Earlier today, the US Government released the finalized and long-overdue update to the 2015 Dietary Guidelines. The guidelines are written every five years by officials from the USDA and HHS. They serve as the basis upon which the government makes key decisions surrounding food and nutrition programs and are meant to help American citizens make safe and healthy food choices. Overall, the new finalized guidelines share much in common with those from 2010, which also stress the importance of a balanced diet that includes ample fruits and vegetables.
Here are some significant changes in the 2015 Dietary Guidelines:
- An emphasis on healthier eating patterns rather than just focusing on specific food groups.
- A decrease in the recommended amount of added sugar and saturated fats intake from fifteen to ten percent of daily calories.
- A removal of the cholesterol intake warning that for years has resulted in consumer anxiety around egg consumption. This shift is due to new research indicating that high levels of blood cholesterol thought to be caused by egg consumption are actually the result of diets high in saturated fats from fatty meats.

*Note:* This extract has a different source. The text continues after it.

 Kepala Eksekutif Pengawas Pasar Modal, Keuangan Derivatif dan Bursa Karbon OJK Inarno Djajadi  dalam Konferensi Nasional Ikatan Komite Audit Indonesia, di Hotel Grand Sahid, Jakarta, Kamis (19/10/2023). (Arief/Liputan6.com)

The original 2015 Dietary Guidelines were submitted to the secretaries of the USDA and HHS early last year but their passage into law was long stymied by controversies between consumer and industry groups. A key point of contention was the Dietary Guidelines advisory panel’s initial recommendations that the guidelines emphasize the importance of sustainable food choices and encourage consumers to eat less meat. Neither of these recommendations received explicit mentions in the final guidelines, largely due to aggressive lobbying from the meat industry. Consistent efforts on the part of factory farm commercial interests not only veil the public from numerous health and environmental concerns, they also eclipse the progress of sustainable meat producers.

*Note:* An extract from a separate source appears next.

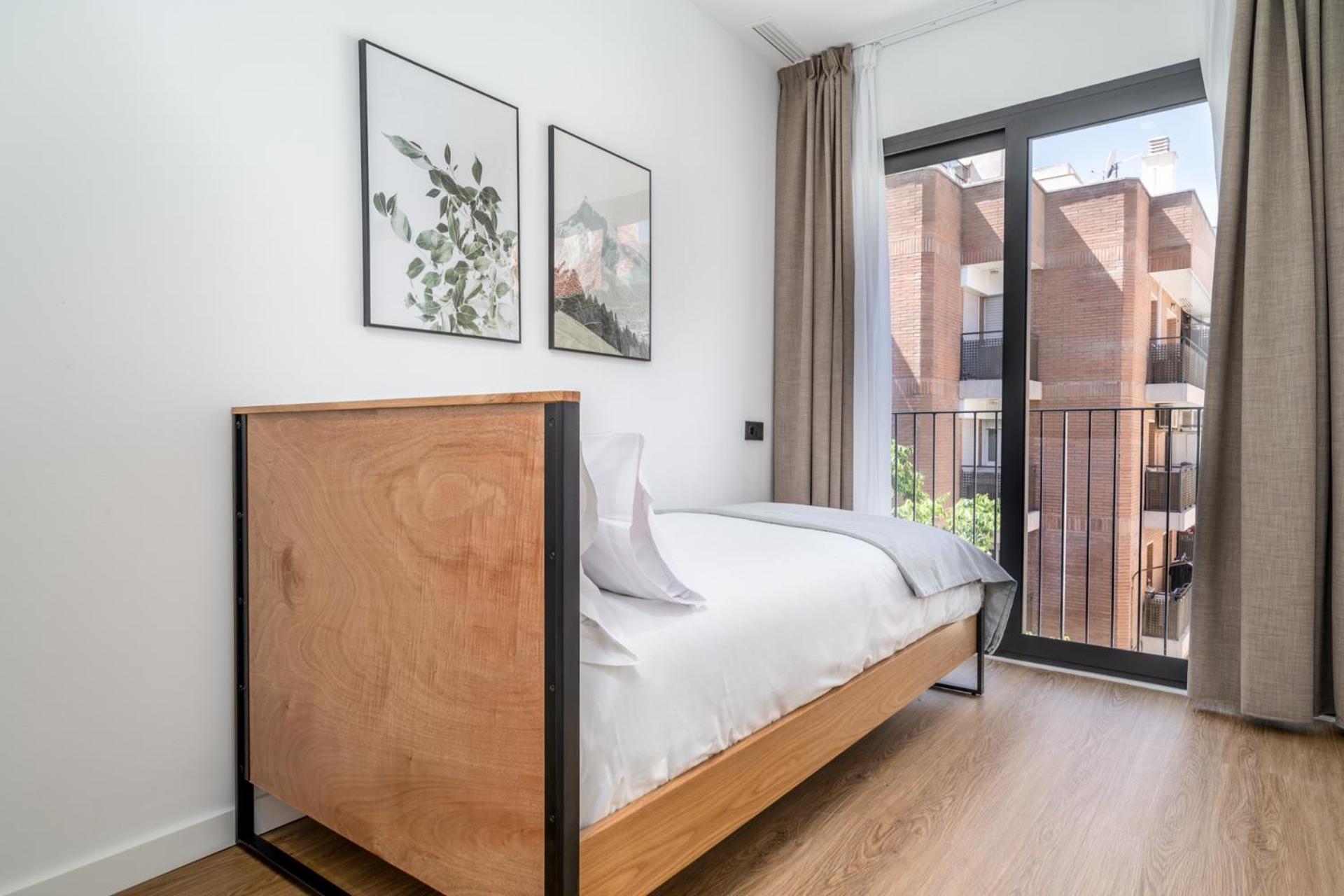 Limehome Barcelona Placa Pirineus L’Hospitalet de Llobregat Exterior foto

Critics of the Guidelines' original inclusion of sustainability-oriented recommendations hold that environmental concerns lie outside of the scope of nutrition and dietary recommendations. However, we see clear risk in continuing to ignore the inherent relationship between what we eat and how it is produced. Moving forward in 2016, it’s vital for Americans to continue educating themselves not only about the nutritional values of their food, but about the broader context through which that food is brought to their plates.